For others this may seem despicable. Seeking pleasure is indulgent and selfish. It can’t truly bring happiness, because we are always chasing after our next desire, like a drug addict looking for his next fix.
Both of these views are partly right and partly wrong. Some philosophers have even coined this problem the “pleasure paradox.”
However, recent scientific studies on the nature of pleasure are now revealing exactly how we can make the most of pleasure in our lives and its relationship to our overall happiness.
Here are the main findings:
Moderate your pleasurable experiences
Pleasurable experiences are more valuable to us when we are able to abstain from them for short periods of time.
This is because our pleasure often follows a law of diminishing returns: the first piece of cake you eat tastes better than the second one; and as you eat more it’s going to become less and less pleasurable to you.
In a 2013 study published by Harvard psychologists Jordi Quoidbach and Elizabeth W. Dunn, it was found that individuals who took a 1 week break from chocolate (Group 1) reported a more pleasurable experience the next time they had chocolate when compared to individuals who were told to gorge on chocolate for the week (Group 2) or who weren’t told any special instructions (Control Group).

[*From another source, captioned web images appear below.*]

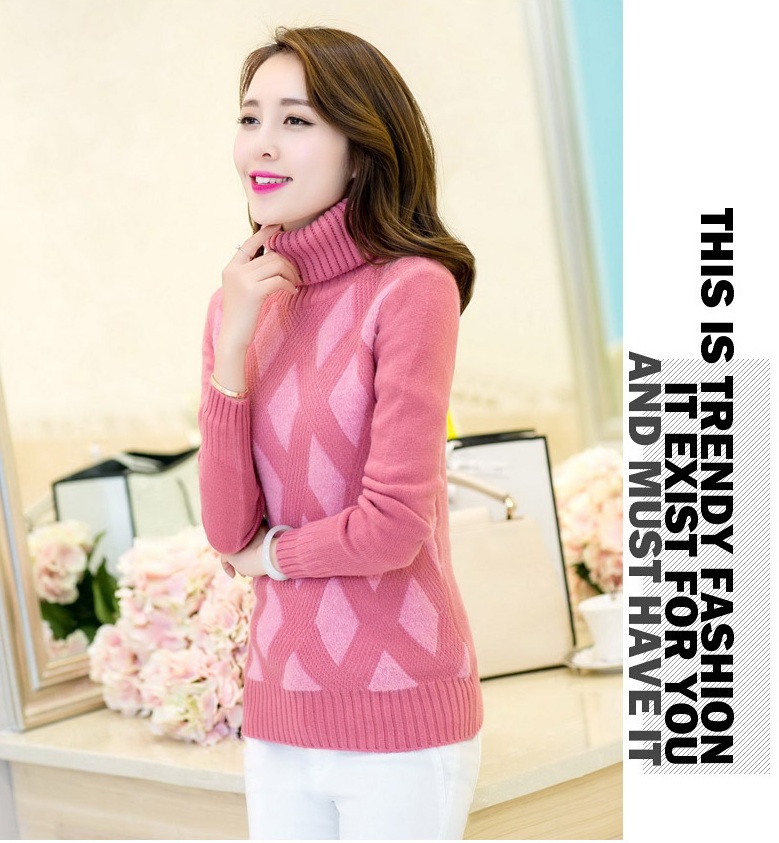 พรีออเดอร์ - เสื้อไหมพรมแฟชั่น Pre - ST625 (สีชมพู)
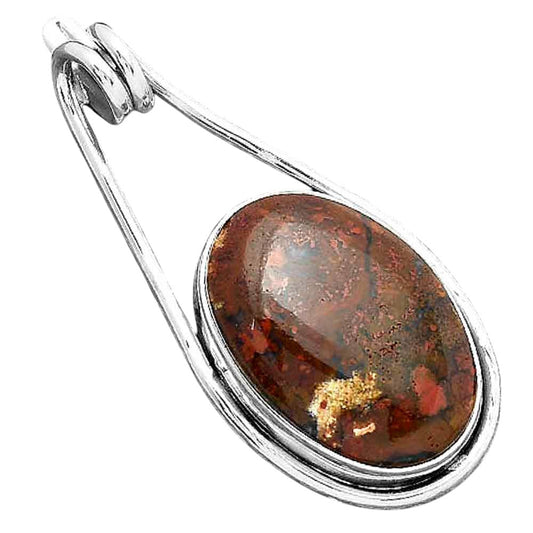 Natural Red Moss Agate Pendant P-1590 SDP156978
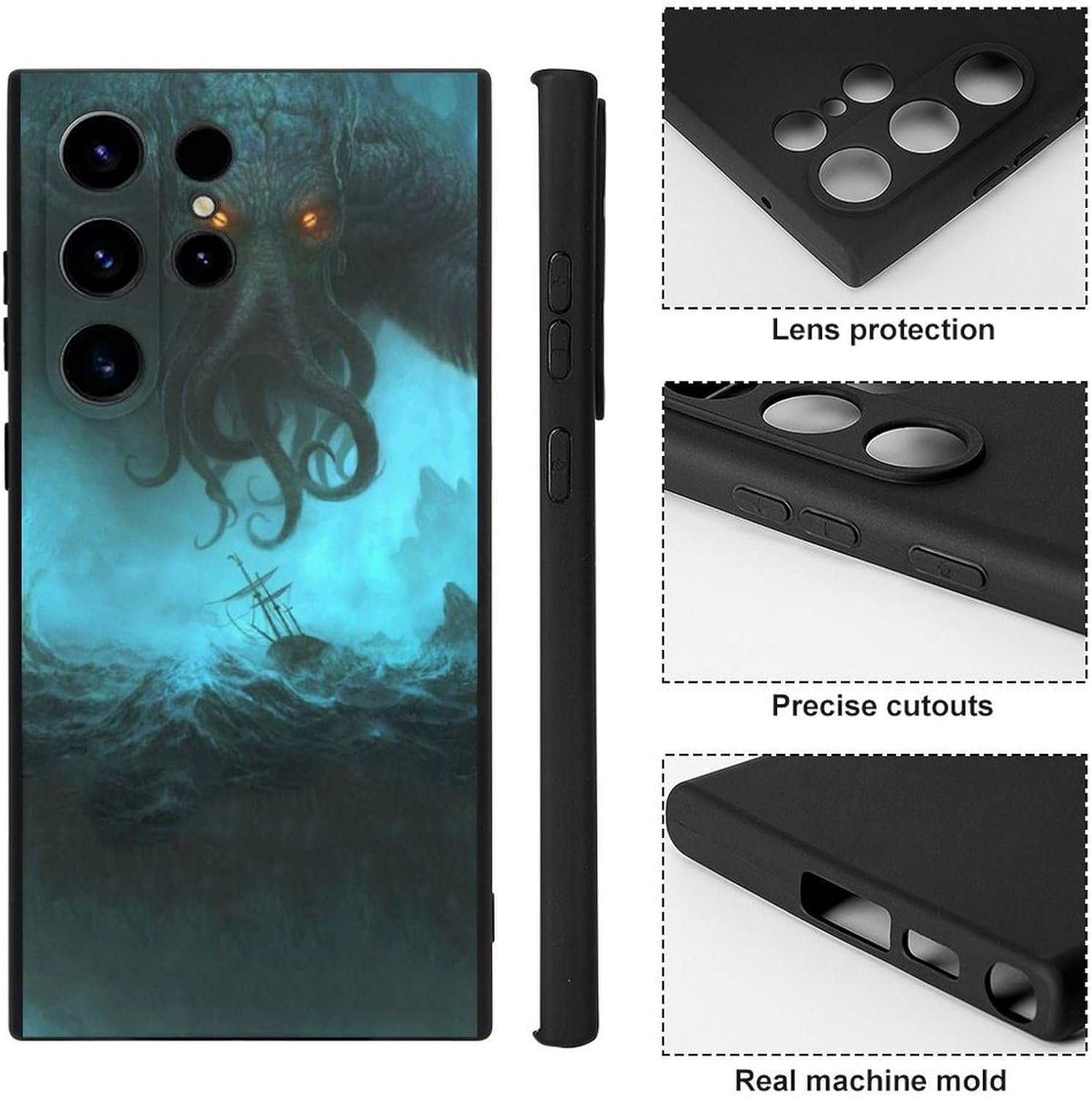 Cthulhu in Deep Ocean Protective Phone Case Ultra Slim Case Shockproof Phone Cover Shell Compatible with Galaxy Samsung S23 S23 Plus S23 Ultra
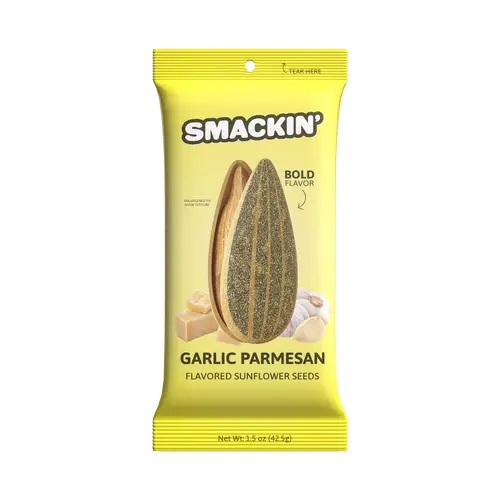 Garlic Parmesan Sunflower Seed Sampler Pack, 6 Total 1.5 Ounce Single Serve Bags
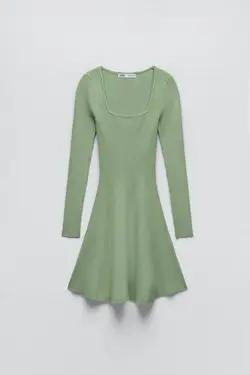 پیراهن کوتاه زنانه سبز زارا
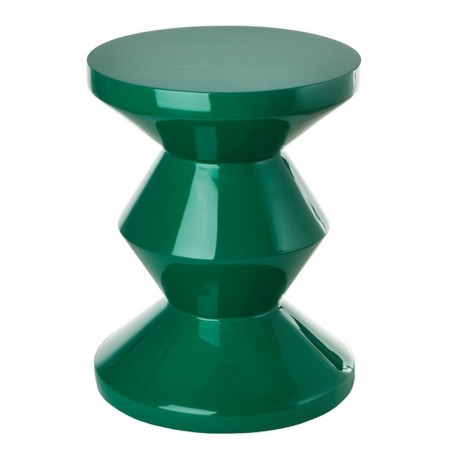 pols potten zig zag tabouret design vert emeraude 510-070-069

Being able to moderate our pleasurable experiences allows us to appreciate them more when they happen.
Treat moments as if they are your last
New research is showing that we have a “positivity bias” toward last experiences.
In a 2012 study published in Psychological Science, psychologists found that participants were more likely to rate a piece of chocolate as more pleasurable when they were told it was their “last one” rather than their “next one.”
This is because when we think something is going to be our last experience, we try to make the most out of it while we can, thus we’re more motivated to savor it. We tend to want things to end on a happy note.
Imagine if we treated all of our pleasure experiences as if they could be our last? This attitude could help us make the most of every experience.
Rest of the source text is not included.